I'm not entire sure what _px_adaptive_offload_percentage does at the moment as setting it to one value or the other did not appear to make any changes. While this is a guess on my part the default value (80) matches ratio:0.800000 reported by kxfxContAdaptOff and it appears to be hard coded in the function.
Final thoughts
Clearly 12c got some new code introduce which can dynamically make a decision on how to process each PX granule. The unfortunate part is none of this appears to be documented and it looks like quite a big change which warrants some sort of an explanation.
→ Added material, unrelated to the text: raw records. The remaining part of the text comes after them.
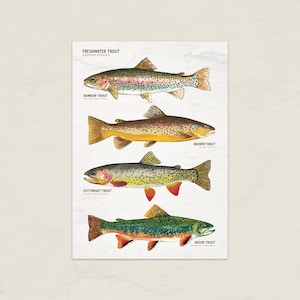 Stampa digitale scaricabile Biglietto di trota, Stampa di pesce, Bellissima arte di trota, stampa di trota, biglietto di compleanno di trota, la carta artistica di pesce è vuota all'interno della carta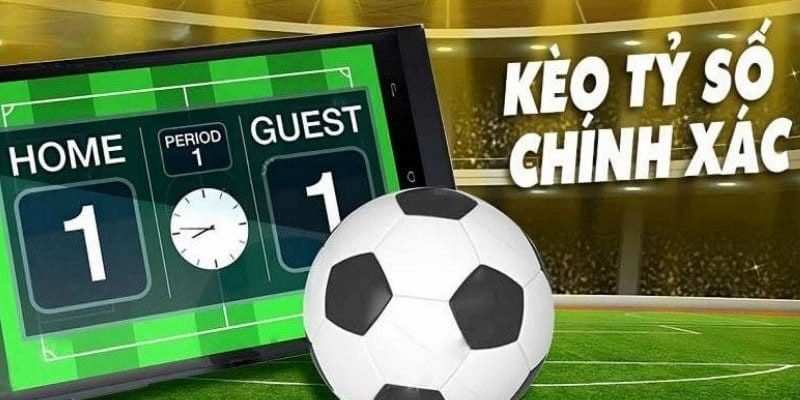 Sảnh thể thao T Sports - Sân chơi điểm mười cho chất lượng - Ảnh 2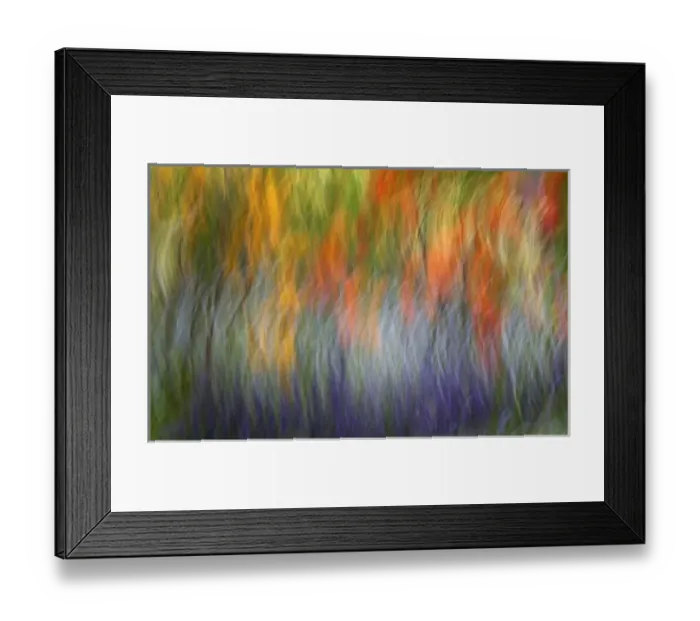 Framed Print : Canada, Shampers Bluff. Abstract blur of garden colors Framed Print : Canada, Shampers Bluff. Abstract blur of garden colors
Updated a little bit later...
It appears that setting _px_adaptive_offload_threshold=0 disables Adaptive Offloading after all. The reason I've got only buffered reads when I set it to 0 was due to the system running with Auto DOP so In-Memory PQ kicked in. When set together with _parallel_cluster_cache_policy=adaptive it reverted everything to the expected behavior -- everything got processed using smart scans.